Neuer DAWI Freistellungsbeschluss verabschiedet
Mit dem Beschluss (EU) 2025/2630 hat die Europäische Kommission den bisherigen SGEI Freistellungsbeschluss aus dem Jahr 2012 umfassend überarbeitet. Die Reform reagiert auf veränderte Marktbedingungen sowie auf strategische Herausforderungen der Daseinsvorsorge – insbesondere in den Bereichen Wohnen, Pflege, Energie, Abfall / Abwasser und kritische Arzneimittel. Für Kommunen, öffentliche Unternehmen und sonstige DAWI Träger ergeben sich neue Handlungsspielräume, zugleich steigen die Anforderungen an Betrauungen und Kostenstrukturen.
Erweiterter Anwendungsbereich und höhere Schwellenwerte
Der Beschluss präzisiert und erweitert die Schwellenwerte, bis zu denen Ausgleichsleistungen ohne Notifizierung zulässig sind. Für allgemeine DAWI außerhalb des Verkehrssektors gilt nun eine Freistellung bis 20 Mio. EUR pro Jahr. Soziale Dienstleistungen und Krankenhäuser bleiben weiterhin ohne Obergrenze freigestellt. Neu hinzu kommen freigestellte DAWI für „kritische Arzneimittel“ sowie angehobene Schwellen für Flughäfen und Häfen. Damit wird die praktische Anwendbarkeit des Beschlusses – insbesondere für kommunale Unternehmen – erheblich ausgeweitet.
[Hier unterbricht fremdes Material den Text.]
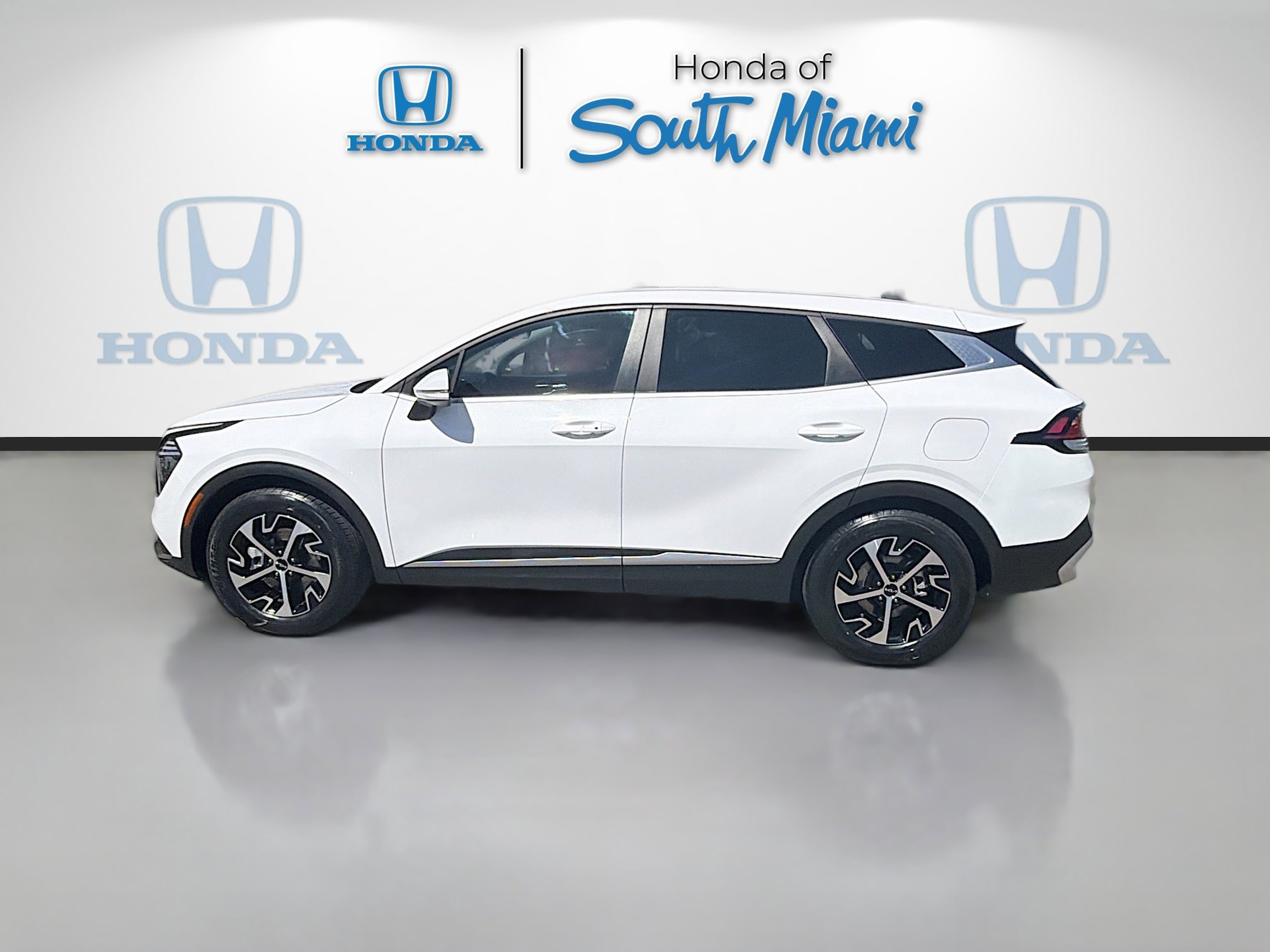 Used 2024 Kia Sportage EX image 4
Schärfere Anforderungen an Betrauungsakte
Der neue Beschluss verlangt eine deutlich präzisere Ausgestaltung von Betrauungsakten. Erforderlich sind u. a. eine klare Beschreibung der DAWI, Regelungen zu Dauer und geografischem Umfang, ein transparenter Vergütungsmechanismus, Vorgaben zur Überkompensationskontrolle sowie Maßnahmen zur Rückforderung. Diese Vorgaben betreffen sämtliche DAWI Sektoren, einschließlich Energie, Abfall, Wasser / Abwasser, soziale Dienste und Infrastruktur. Viele bestehende Betrauungen müssen daher überprüft und angepasst werden.
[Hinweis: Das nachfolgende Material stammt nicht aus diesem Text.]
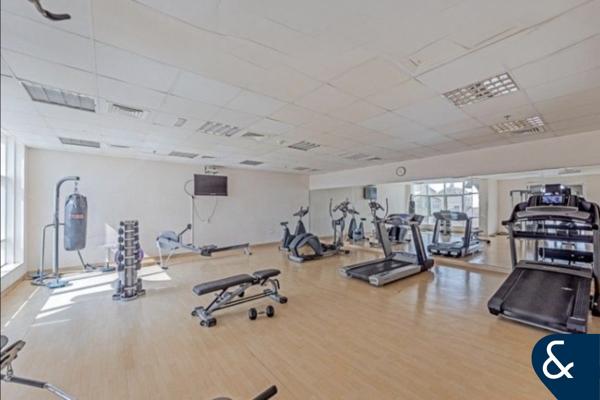 Vibrant Home-Vacant on Transfer- Spacious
Präzisierte Vorgaben zur Berechnung der Ausgleichsleistungen
Neu geregelt bzw. konkretisiert wurden die Nettokostenberechnung, Anforderungen an die Trennungsrechnung bei gemischten Tätigkeiten sowie die Ermittlung des „angemessenen Gewinns“ (grundsätzlich Swap Satz + 100 Basispunkte). Überkompensationskontrollen müssen in der Regel mindestens alle fünf Jahre durchgeführt werden. Einrichtungen mit ≥ 95 % DAWI Tätigkeit und vollständiger Reinvestition der Gewinne profitieren von Erleichterungen.
Neue Transparenzpflichten ab 2028
Ab 1. Januar 2028 müssen Mitgliedstaaten ein zentrales Beihilferegister führen und DAWI Beihilfen über 1 Mio. EUR veröffentlichen. Damit steigen die Anforderungen an Dokumentation und Compliance für öffentliche Unternehmen und Kommunen.
Übergangsfristen
Für bestehende SGEI Regelungen gilt eine zweijährige Übergangsfrist. Soziale DAWI genießen einen Bestandsschutz bis zum Ende des jeweiligen Betrauungszeitraums.
Fazit
Der neue DAWI Freistellungsbeschluss schafft erhebliche neue Flexibilitäten für kommunale Daseinsvorsorge, soziale Einrichtungen, Gesundheitsversorgung, kommunale Wohnungsunternehmen und kritische Infrastruktur. Gleichzeitig steigen die Anforderungen an Betrauungsakte, Kostenrechnung, Transparenz und Überkompensationskontrollen deutlich. RÖDL unterstützt öffentliche Auftraggeber und kommunale Unternehmen dabei, bestehende DAWI Strukturen an den neuen Rechtsrahmen anzupassen und neue Gestaltungsmöglichkeiten rechtssicher zu nutzen.